'No Time To Waste' Warns Japan Climate Activist
Umer Jamshaid Published June 16, 2021 | 10:20 AM
Tokyo, (UrduPoint / Pakistan Point News - 16th Jun, 2021 ) :Kimiko Hirata has spent nearly half her life fighting to wean Japan off its dependence on coal, and now isn't the time to slow down, the award-winning activist warns.
"I'm hopeful, but we have no time to waste," said Hirata, the international director of Japan's Kiko Network NGO.
"Our future will be gone if we don't act now," she told AFP.
It's a message that Hirata, 50, has long worked to drive home in the world's third-largest economy, which upped its reliance on coal after the 2011 Fukushima disaster took its nuclear plants offline.
On Tuesday, the soft-spoken activist was awarded the Goldman Environmental Prize for her work, particularly on blocking new coal-fired power plants in Japan.

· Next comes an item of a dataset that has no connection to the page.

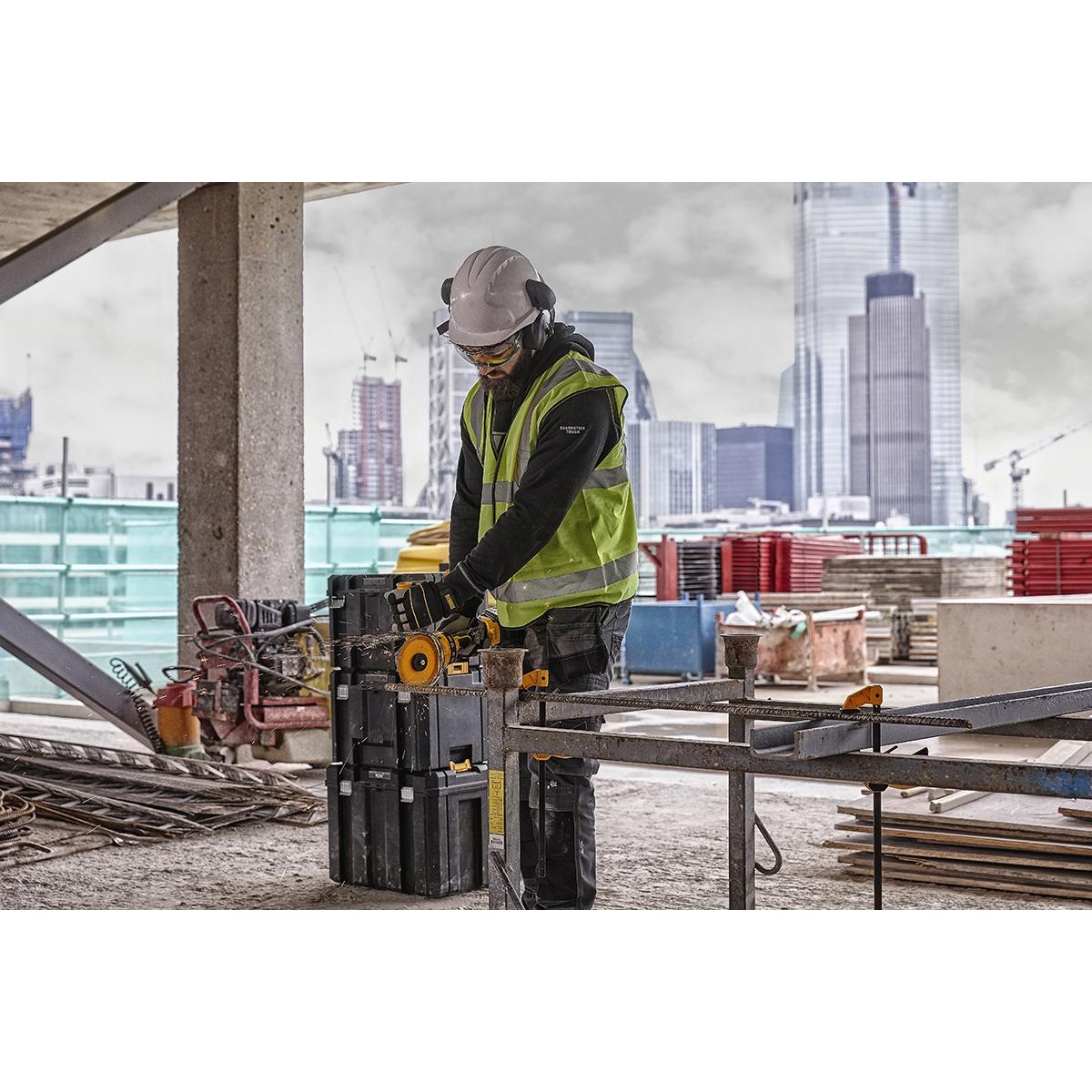 DEWALT DCG418N-XJ XR FlexVolt 54 Volt Winkelschleifer 125mm &. Batterien und Ladegerät - Im Karton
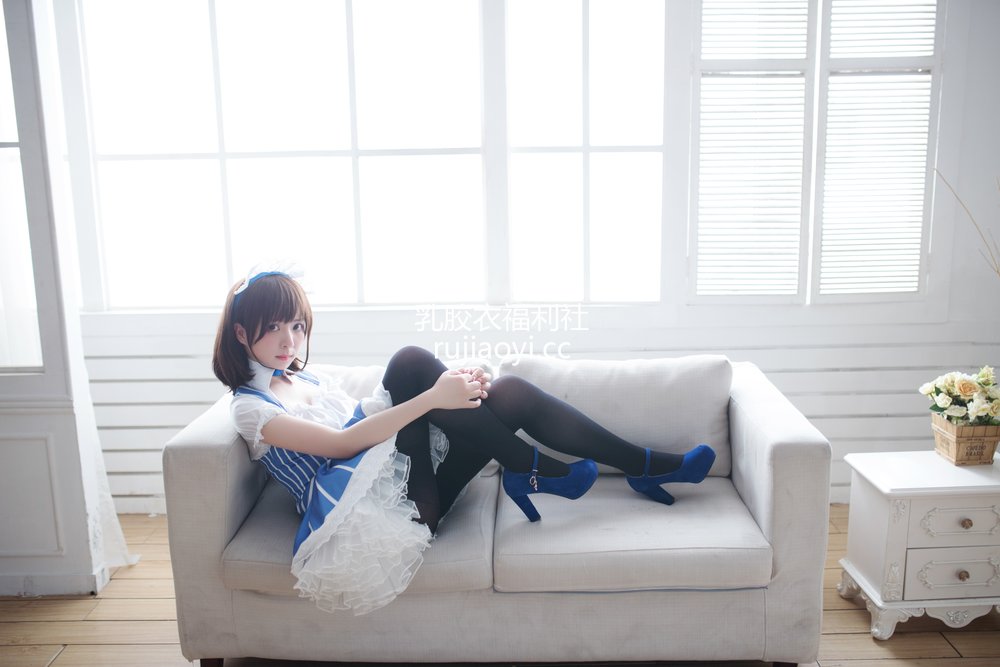 [网红杂图] 闪月半 – 加藤惠 制服 [17P74MB]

The country's 140 coal plants generate nearly a third of its electricity, second only to liquid natural gas-fired plants.
A signatory to the Paris climate deal, Japan was the sixth-biggest contributor to global greenhouse emissions in 2017, and last year the government set a new 2050 goal for carbon neutrality.
That significantly firmed up Tokyo's climate commitments and was a "major step forward," Hirata said.
It comes after years of efforts by the Kiko Network -- kiko is Japanese for climate.
The Goldman prize awarders said the Kiko Network's "sophisticated, multi-pronged, national anti-coal campaign", launched in 2011, helped block a third of 50 new coal projects.
The work Hirata spearheaded prevented "the emission of 42 million tons of CO2 per year," they added.
Hirata is modest about her achievements, citing efforts at a local level, and warning more is needed.
"I think (our work) helped put the brakes on to a certain extent," she said at her office in Tokyo.
"But there are more coal plants than before, so in the broader sense we still face challenges and haven't won a victory yet." Despite having devoted her adult life to tackling climate change, Hirata had no particular interest in environmental issues as a child.
Born in southern Kumamoto prefecture, she was 20 and studying education when she attended an environmental lecture that she said made her feel "like I was hit by lightning." "I was in huge shock when I realised that humans were harming the earth," she said.
"We were living this carefree life, without any sense of guilt." But despite a growing environmental interest, deepened by reading former US vice president Al Gore's book "Earth in the Balance,", she initially went to work for a publisher.
Unsure how to translate her environmental interests into a career, she decided to intern with a climate NGO in the US.
It was a leap of faith, and all the more so given that internet access was limited at the time, so she picked her target organisation by flipping through a directory of US NGOs at a local library.